Transgressive Transcendentalism is "transcendental" in a Kantian sense: an ideal standpoint is adopted as a benchmark against which to criticize the inherited order.
That ideal standpoint consists of what William O. Douglas termed "traditional notions of fair play and substantial justice" [
Milliken v. Meyer, 311 U.S. 457 (1940) following, loosely,
dicta in the opinion of Oliver Wendell Holmes, Jr. in
McDonald v. Mabee, 243 U.S. 90 (1917)]. Where exactly those traditional notions come from or in what they consist is never addressed by the justices of the U.S. Supreme Court who refer to them, but one may surmise without much speculation that their sources are several.

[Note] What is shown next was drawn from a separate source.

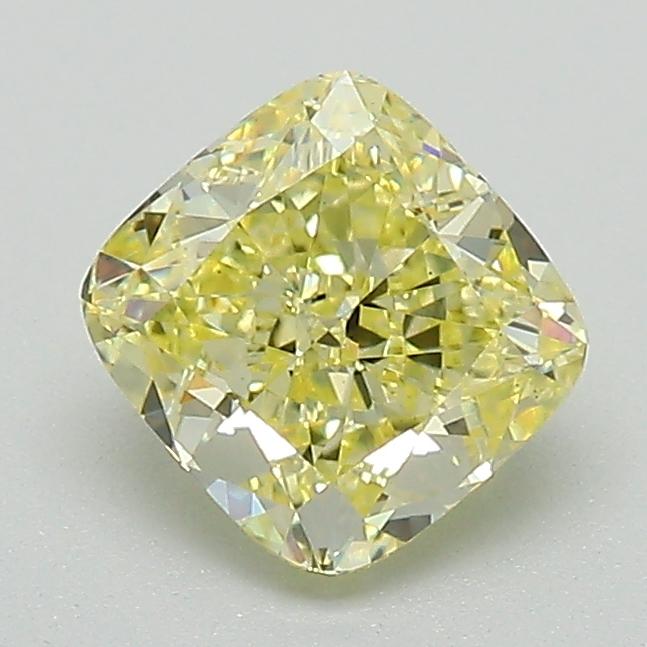 1.18 Ct. Fancy Intense Yellow Cushion Lab Grown Diamond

For the Transgressive Transcendentalist, Near Eastern prophecy from Zarathustra to Muhammad contributes to the construction of this canon of critical standards.
The "transgressive" aspect of this Transcendental mode is Melvillean as Melville was, in the words of Arthur Versluis, an "inverted transcendentalist" and a latter-day "Gnostic," which is to say, an individual profoundly troubled by the fact of human suffering. (See Versluis,
American Transcendentalism and Asian Religions, OUP, 1993).
That transgressive turn undercuts the tendency towards Emersonian optimism that may otherwise lurk in the transcendental impulse. The thing-in-itself remains not only epistemologically unavailable but also morally inscrutable.
Even so, as Melville himself understood, there are everyday mercies that enable every one of us to bear the strain of life in this tavern of ruin.